--- THE PROBLEM ---
Your task is to output the listing exactly, leaving every image out.

--- EXERCISE DATA ---
===============

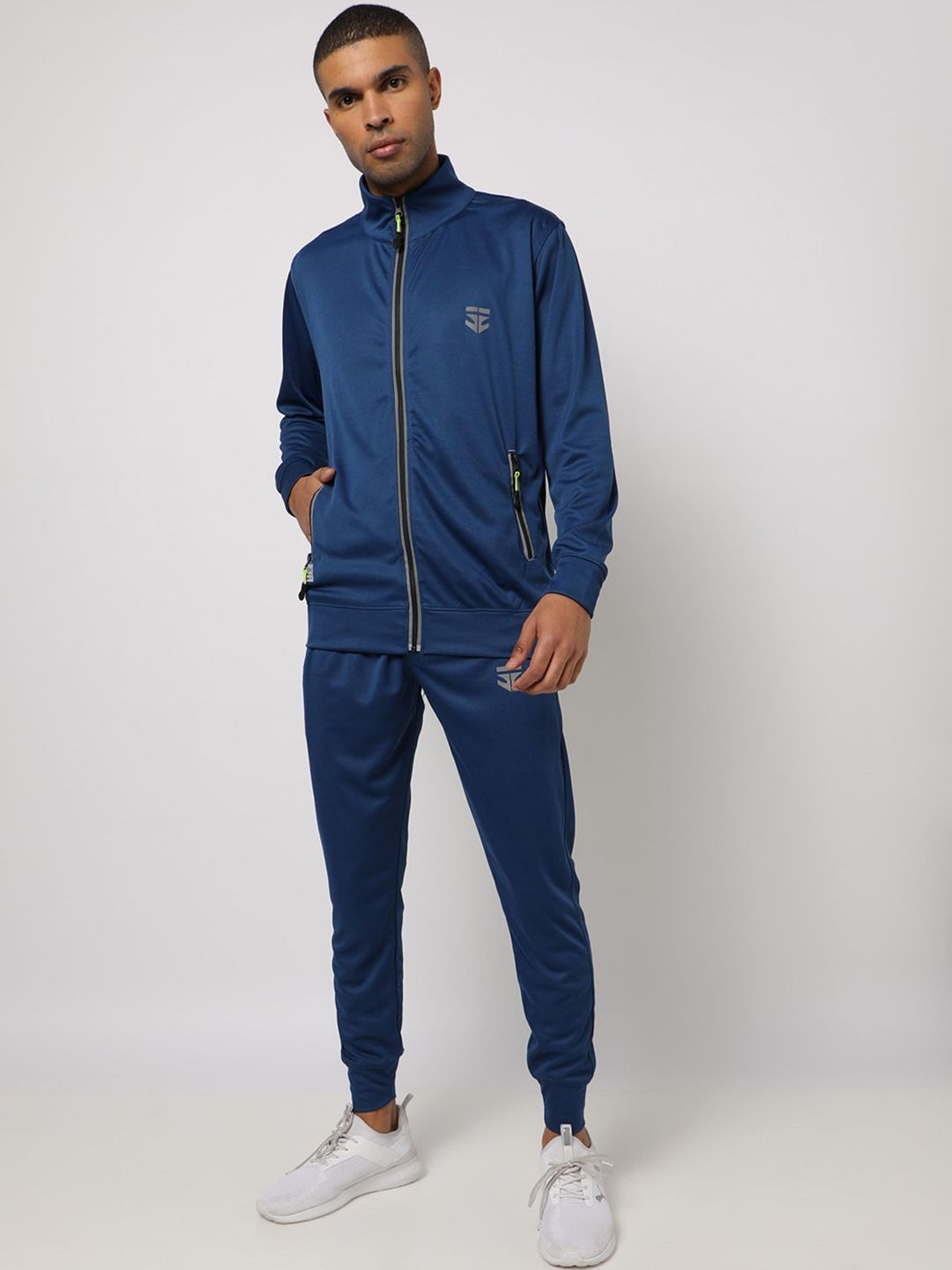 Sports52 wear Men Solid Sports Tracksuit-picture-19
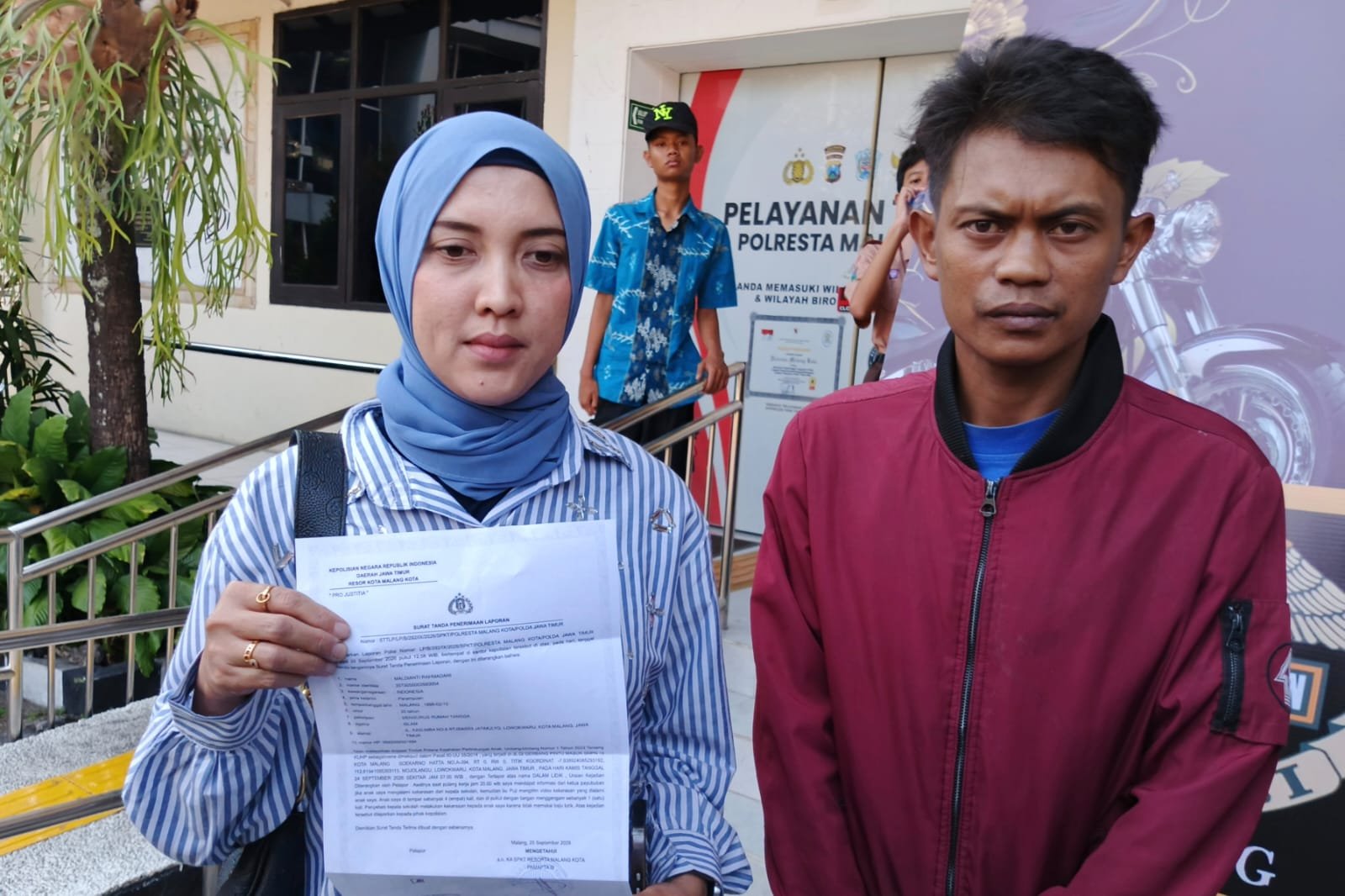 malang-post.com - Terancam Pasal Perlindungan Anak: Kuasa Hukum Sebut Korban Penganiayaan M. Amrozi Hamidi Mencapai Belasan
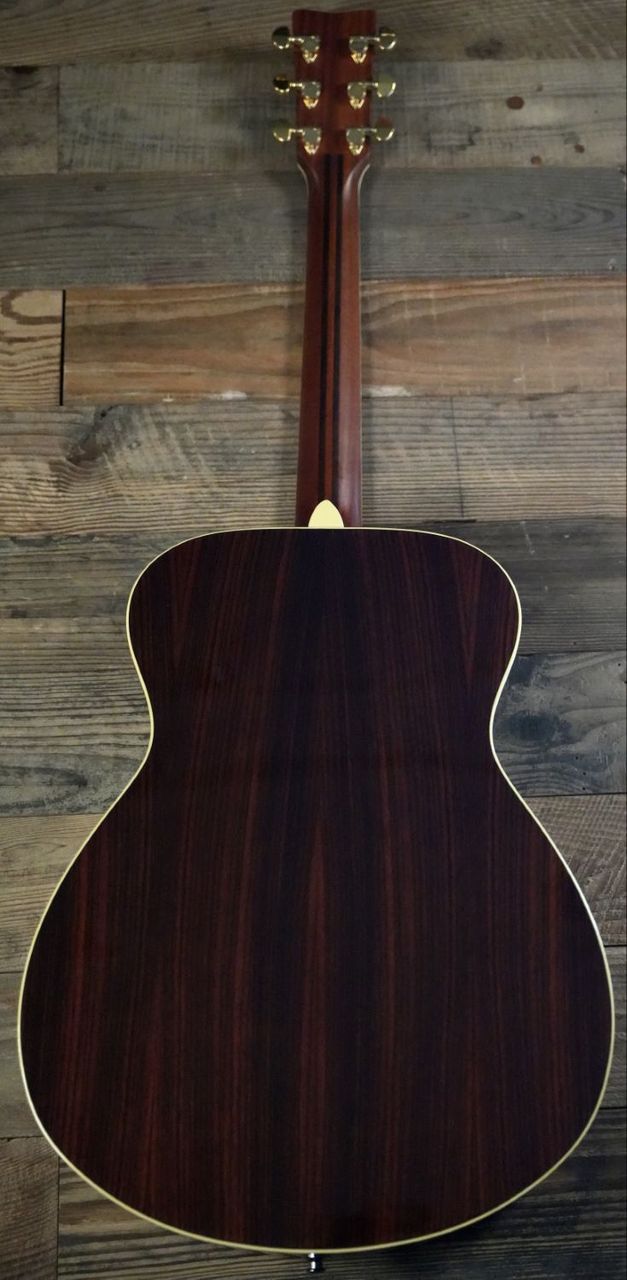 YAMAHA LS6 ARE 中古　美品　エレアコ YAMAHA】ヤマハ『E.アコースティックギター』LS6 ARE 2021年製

===============

--- SOLUTION ---
 Sports52 wear Men Solid Sports Tracksuit-picture-19
 malang-post.com - Terancam Pasal Perlindungan Anak: Kuasa Hukum Sebut Korban Penganiayaan M. Amrozi Hamidi Mencapai Belasan
 YAMAHA LS6 ARE 中古　美品　エレアコ YAMAHA】ヤマハ『E.アコースティックギター』LS6 ARE 2021年製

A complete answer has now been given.